If an option is relevant for only one of the child analyses, you can enter a value of NONE for the analysis in which the option is not relevant. In cases where you wish to use the default settings for an option for all child analyses or wish to use environment settings to control the behavior, you need not provide that option in the command line.
# Specifying options for Functional Mockup Unit (FMU) files
You specify command line option fmu and, optionally, fmuinstance to use Functional Mockup Unit (FMU) files in the co-simulation analysis. You use a comma-separated list to specify multiple FMUs.
# Performing a two-child-analysis co-simulation with input files that specify co-simulation controls
With releases prior to Abaqus 6.13, all co-simulation parameters and co-simulation controls were specified in the input files and a configuration file was not required. To support re-use of these input files with Abaqus 6.13 and later, an automated configuration file creation capability is provided.
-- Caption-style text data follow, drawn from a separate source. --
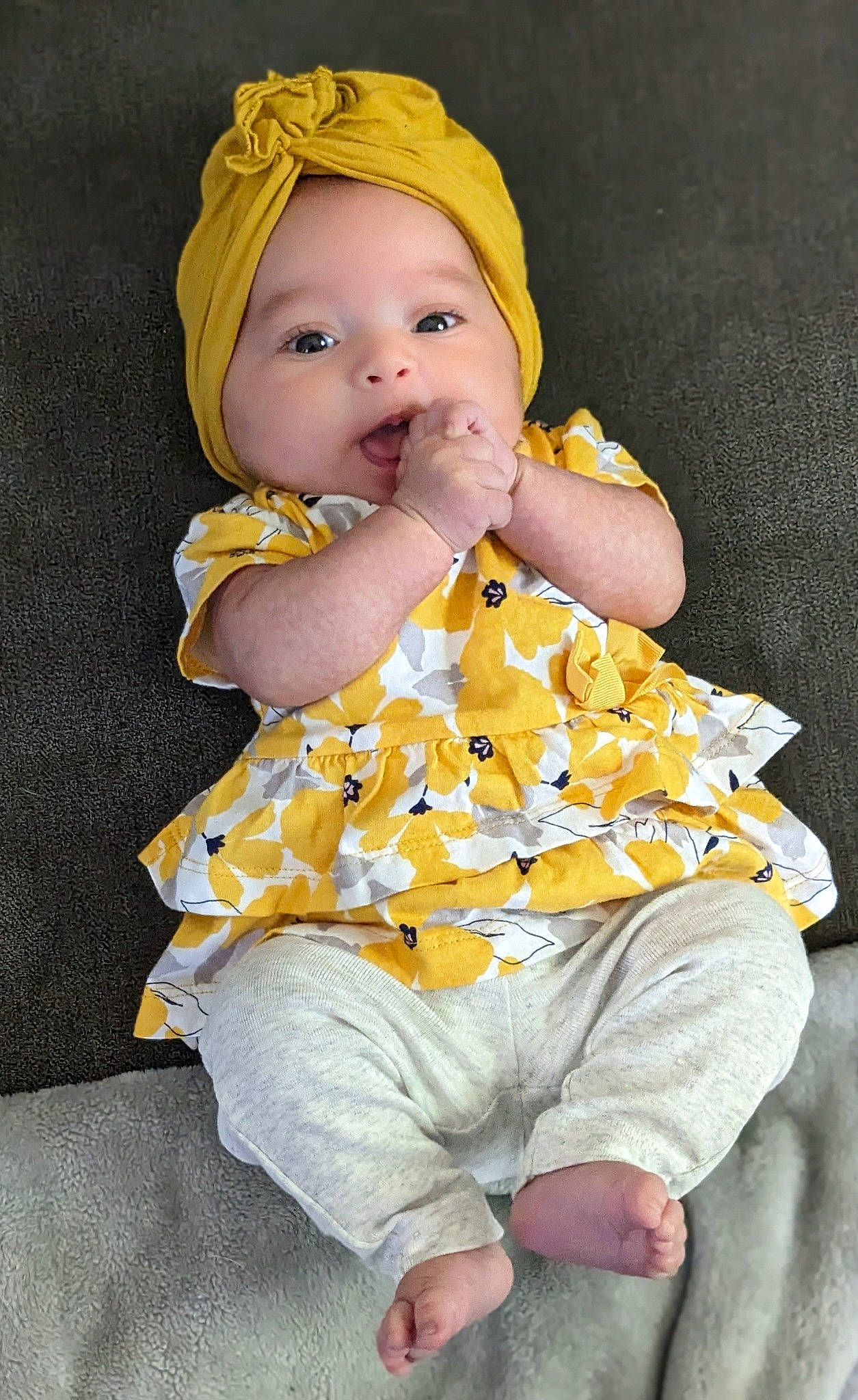 Cecilia is registered to the contest to win money with this photo: baby, baby_products, baby_toddler_clothing, cheek, child, comfort, dress, eye, face, fashion_accessory, fun, head, human_body, infant_bodysuit, nightwear, pattern, person, sitting, skin, sleeve
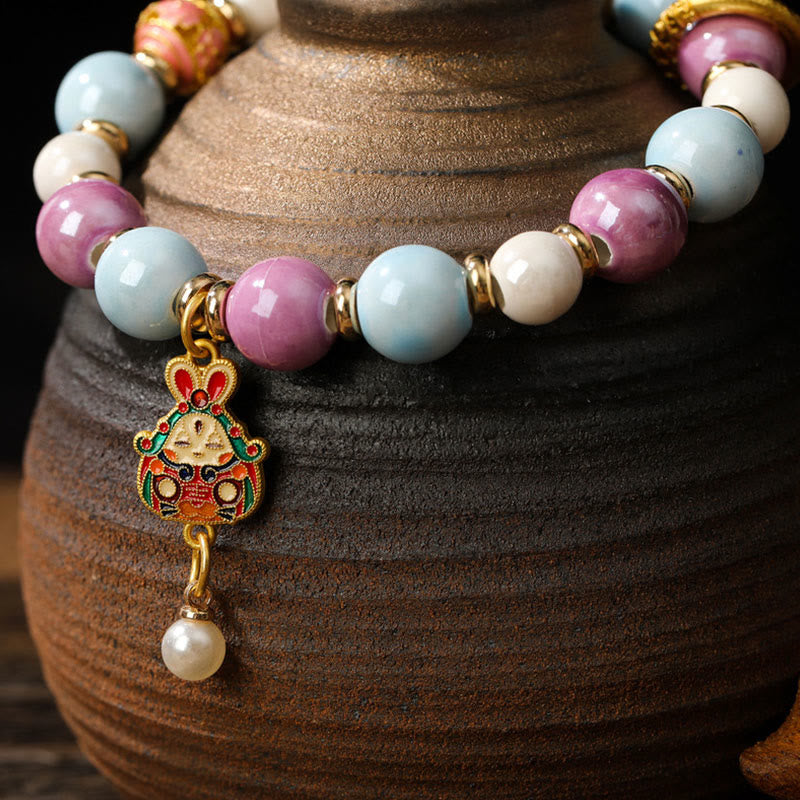 Buddha Stones tibetano Zakiram diosa de la riqueza conejo cabeza de león encanto Liuli vidrio incienso ceniza porcelana cuentas pulsera de protección
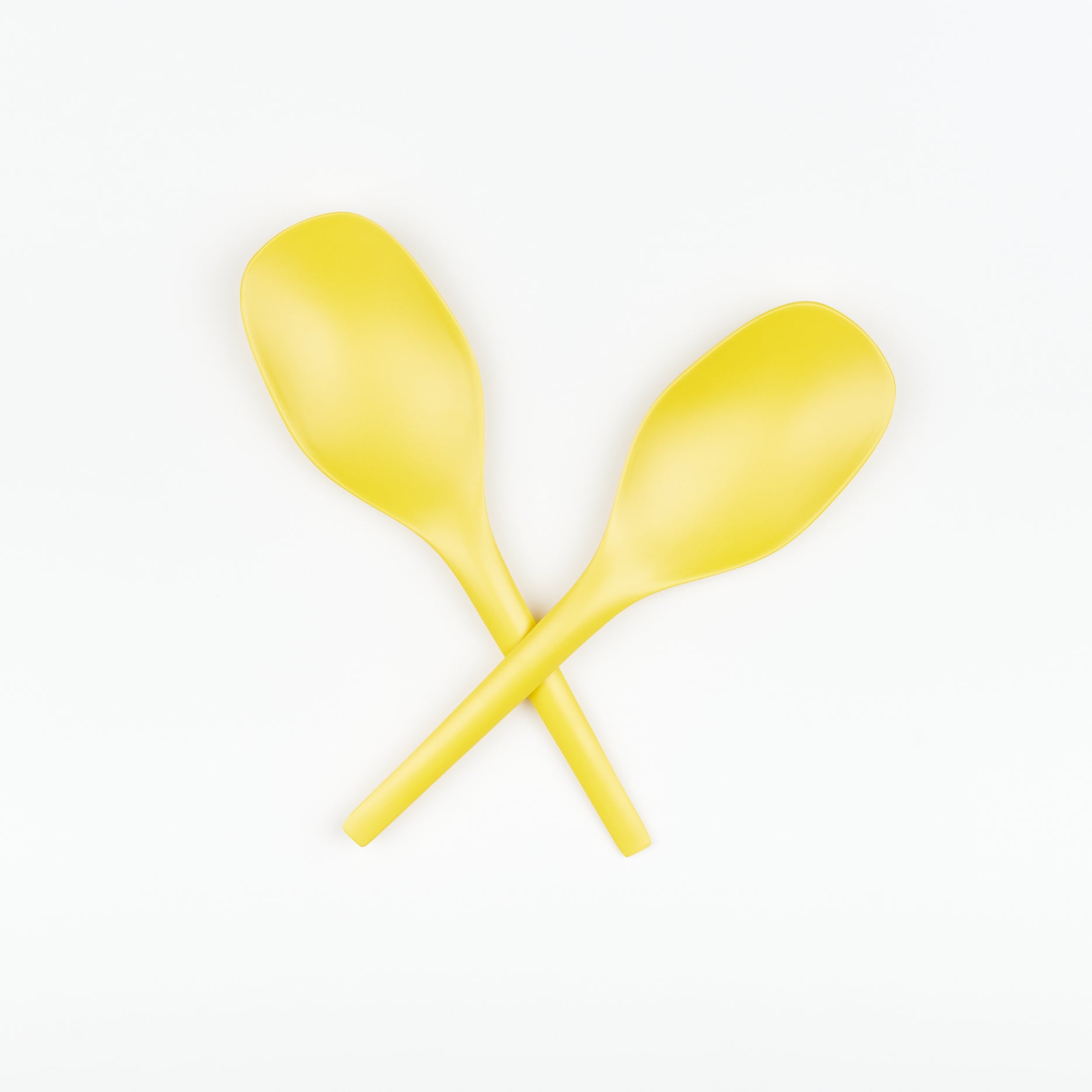 A pair of bright lemon yellow EKOBO serving spoons crossed in the shape of a X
In a limited number of cases, you can generate a configuration file automatically; namely, if the following conditions are met:
• Your co-simulation consists of two child Abaqus analyses.
• Both of your input files contain \*CO-SIMULATION CONTROLS options that are valid for cosimulation with Abaqus 6.12.
• These controls conform to the recommended uses of co-simulation parameters, as described in the Abaqus 6.12 Analysis Users Manual.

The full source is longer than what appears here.